Biglia dedicated himself principally to the translation of the works of Aristotle, and two of his versions are still extant. The first comprising the eight books of the Physics, is found in the Codex 4, 36 of the Academy of Sciences in Budapest. The second, the three books of De anima, is preserved in the Bywater Codex 10 (Western Manuscript 40042) of the Bodleian Library at Oxford. Both codices are based on the original manuscript of the translator. There was also his translation of one of the lives of Plutarch, the Vita Timoleontis, which is preserved in a fifteenth century codex in the Municipal Library of Macerata (5. 3C. 36.).
The most famous work of Biglia is his Rerum mediolanensiurn historia. It recounts the events of his native city of Milan from 1402 until 1431, and offers an outstanding example of the style and characteristics of humanist historiography. Composed from a Milanese point of view, it reflects the political ideal of a Lombardian patriot in the first quarter of the fifteenth century. Differing from Luigi Marsigli O.S.A. and his other friends who were advocates of the independence of Florence, Biglia looks forward to the realization of his dream of a united Italy under the leadership of the Visconti. Since he was born in Milan and became an Augustinian in the Priory of St Mark there, Biglia felt obligated enough to the city and its government to become the official historian of the Visconti family.

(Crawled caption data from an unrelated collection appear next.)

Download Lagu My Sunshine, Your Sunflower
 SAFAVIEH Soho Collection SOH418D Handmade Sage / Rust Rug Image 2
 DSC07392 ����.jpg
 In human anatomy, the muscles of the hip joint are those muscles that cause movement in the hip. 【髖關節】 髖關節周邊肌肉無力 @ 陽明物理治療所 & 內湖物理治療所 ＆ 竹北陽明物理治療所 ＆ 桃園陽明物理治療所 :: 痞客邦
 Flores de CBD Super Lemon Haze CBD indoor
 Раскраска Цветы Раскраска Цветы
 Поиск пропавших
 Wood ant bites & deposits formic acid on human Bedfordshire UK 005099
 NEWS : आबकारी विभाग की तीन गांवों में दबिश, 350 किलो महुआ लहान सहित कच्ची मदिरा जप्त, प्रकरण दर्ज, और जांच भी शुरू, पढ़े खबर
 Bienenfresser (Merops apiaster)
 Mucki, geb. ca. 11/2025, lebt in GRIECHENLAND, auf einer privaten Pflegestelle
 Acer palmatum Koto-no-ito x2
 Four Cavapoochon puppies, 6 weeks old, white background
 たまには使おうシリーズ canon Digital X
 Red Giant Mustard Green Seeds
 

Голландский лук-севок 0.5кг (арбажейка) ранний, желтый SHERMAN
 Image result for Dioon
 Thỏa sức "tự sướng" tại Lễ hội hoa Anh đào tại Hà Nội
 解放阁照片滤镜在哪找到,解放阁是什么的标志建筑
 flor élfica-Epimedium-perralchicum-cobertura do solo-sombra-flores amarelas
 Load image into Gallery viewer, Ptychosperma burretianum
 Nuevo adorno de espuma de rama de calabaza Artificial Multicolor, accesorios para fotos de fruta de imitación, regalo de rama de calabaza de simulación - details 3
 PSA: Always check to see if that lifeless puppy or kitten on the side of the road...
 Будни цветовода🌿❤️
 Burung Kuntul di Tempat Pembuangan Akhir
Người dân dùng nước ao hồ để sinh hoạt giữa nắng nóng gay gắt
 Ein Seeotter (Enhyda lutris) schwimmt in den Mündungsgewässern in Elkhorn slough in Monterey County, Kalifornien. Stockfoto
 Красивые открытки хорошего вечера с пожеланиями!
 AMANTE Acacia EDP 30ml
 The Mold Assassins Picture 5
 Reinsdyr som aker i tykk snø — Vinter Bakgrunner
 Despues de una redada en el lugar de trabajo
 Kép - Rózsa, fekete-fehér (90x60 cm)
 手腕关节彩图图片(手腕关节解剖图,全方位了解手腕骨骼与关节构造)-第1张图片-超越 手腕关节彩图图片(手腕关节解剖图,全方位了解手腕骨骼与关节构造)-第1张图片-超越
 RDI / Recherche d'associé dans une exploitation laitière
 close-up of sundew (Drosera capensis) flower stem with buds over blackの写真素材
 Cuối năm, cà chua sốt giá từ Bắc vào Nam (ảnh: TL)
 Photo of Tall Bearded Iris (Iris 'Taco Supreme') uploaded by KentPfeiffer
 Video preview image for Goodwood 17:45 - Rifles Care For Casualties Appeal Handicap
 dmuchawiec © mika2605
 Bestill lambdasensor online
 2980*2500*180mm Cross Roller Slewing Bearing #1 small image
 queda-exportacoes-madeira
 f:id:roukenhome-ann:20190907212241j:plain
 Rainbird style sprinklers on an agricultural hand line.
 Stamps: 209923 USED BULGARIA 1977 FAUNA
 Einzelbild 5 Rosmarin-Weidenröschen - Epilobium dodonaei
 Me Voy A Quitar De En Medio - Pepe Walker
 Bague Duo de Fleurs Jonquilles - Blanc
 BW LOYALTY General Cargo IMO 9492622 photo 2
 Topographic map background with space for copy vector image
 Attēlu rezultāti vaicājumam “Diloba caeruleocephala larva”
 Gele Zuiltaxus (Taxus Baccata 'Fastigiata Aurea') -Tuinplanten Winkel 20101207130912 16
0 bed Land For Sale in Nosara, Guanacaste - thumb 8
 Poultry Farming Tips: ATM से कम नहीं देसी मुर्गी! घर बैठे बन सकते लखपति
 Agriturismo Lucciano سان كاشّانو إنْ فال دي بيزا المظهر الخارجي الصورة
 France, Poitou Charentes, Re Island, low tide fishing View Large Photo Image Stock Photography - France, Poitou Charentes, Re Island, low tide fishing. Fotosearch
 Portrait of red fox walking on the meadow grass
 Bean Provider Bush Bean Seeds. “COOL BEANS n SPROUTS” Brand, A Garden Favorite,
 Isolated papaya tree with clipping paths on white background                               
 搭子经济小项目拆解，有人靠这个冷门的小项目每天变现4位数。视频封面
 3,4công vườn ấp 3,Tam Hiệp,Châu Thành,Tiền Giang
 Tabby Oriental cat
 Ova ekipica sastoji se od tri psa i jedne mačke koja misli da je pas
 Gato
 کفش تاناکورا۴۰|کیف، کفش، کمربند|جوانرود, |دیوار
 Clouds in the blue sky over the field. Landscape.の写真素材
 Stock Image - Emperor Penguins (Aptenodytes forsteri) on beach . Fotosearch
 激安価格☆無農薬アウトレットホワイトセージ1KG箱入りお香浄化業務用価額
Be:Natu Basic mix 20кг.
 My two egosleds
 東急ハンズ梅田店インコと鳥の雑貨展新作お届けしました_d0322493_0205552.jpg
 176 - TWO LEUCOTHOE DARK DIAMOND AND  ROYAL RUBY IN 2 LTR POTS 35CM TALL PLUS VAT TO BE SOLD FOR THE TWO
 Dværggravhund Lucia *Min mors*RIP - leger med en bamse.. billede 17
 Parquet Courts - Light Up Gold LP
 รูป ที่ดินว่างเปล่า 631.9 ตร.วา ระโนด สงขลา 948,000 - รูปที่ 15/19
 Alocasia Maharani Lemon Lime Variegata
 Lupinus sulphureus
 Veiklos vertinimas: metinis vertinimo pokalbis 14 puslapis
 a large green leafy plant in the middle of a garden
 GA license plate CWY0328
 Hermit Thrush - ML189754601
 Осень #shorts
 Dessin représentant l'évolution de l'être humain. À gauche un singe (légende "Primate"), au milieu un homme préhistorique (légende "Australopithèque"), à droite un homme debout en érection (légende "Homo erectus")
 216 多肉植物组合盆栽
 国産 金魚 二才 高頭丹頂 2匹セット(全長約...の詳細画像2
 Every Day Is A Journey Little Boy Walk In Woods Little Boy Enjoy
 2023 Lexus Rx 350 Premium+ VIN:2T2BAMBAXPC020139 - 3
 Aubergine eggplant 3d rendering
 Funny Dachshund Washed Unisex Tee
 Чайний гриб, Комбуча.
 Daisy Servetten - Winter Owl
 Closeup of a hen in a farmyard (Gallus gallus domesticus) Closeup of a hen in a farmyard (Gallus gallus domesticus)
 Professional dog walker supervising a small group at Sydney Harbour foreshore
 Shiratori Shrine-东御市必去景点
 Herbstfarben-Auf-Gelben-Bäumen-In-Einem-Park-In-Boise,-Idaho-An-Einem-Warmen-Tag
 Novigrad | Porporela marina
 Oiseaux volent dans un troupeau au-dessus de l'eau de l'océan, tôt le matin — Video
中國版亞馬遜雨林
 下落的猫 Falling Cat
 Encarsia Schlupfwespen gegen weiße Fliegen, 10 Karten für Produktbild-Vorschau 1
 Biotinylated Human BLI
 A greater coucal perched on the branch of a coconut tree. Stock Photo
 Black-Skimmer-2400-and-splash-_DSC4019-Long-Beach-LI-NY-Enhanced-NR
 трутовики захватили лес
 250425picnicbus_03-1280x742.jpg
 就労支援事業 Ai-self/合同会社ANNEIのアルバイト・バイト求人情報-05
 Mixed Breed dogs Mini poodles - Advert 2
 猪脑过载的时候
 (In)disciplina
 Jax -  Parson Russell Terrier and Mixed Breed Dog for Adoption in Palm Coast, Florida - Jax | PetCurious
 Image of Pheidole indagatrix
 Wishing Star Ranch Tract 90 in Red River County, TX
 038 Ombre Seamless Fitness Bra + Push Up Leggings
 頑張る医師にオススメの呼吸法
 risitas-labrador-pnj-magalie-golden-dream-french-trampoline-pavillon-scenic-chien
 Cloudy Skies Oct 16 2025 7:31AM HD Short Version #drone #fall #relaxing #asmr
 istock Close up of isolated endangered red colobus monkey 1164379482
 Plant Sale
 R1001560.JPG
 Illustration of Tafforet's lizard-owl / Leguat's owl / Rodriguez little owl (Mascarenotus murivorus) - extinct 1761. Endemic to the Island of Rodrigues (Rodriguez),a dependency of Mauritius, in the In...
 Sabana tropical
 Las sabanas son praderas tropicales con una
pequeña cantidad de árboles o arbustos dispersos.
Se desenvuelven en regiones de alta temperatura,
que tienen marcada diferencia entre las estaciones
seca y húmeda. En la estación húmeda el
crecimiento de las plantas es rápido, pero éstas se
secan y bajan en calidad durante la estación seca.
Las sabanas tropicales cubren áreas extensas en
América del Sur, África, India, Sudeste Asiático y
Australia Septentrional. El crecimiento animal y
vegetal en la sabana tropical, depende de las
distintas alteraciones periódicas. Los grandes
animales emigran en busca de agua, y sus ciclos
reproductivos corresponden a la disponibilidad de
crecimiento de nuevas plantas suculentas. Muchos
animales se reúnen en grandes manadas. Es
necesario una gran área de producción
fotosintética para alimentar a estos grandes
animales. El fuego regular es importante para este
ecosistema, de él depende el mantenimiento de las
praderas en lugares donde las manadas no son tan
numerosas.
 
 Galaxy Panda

It should be noted that because of the general thesis of his work, a theme that appears even more clearly in his funeral oration to the memory of Duke Giovanni Galeazzo, Biglia had a notable influence on the historical importance attached to the Visconti family by many Italian historians of the twentieth century. Biglia's Historia achieved wide manuscript circulation and reached two printed editions. Biglia had the good fortune to spend his years of study and teaching in those Italian cities that most cultivated humanism and experienced its flourishing: Padua, Florence, Bologna and Siena.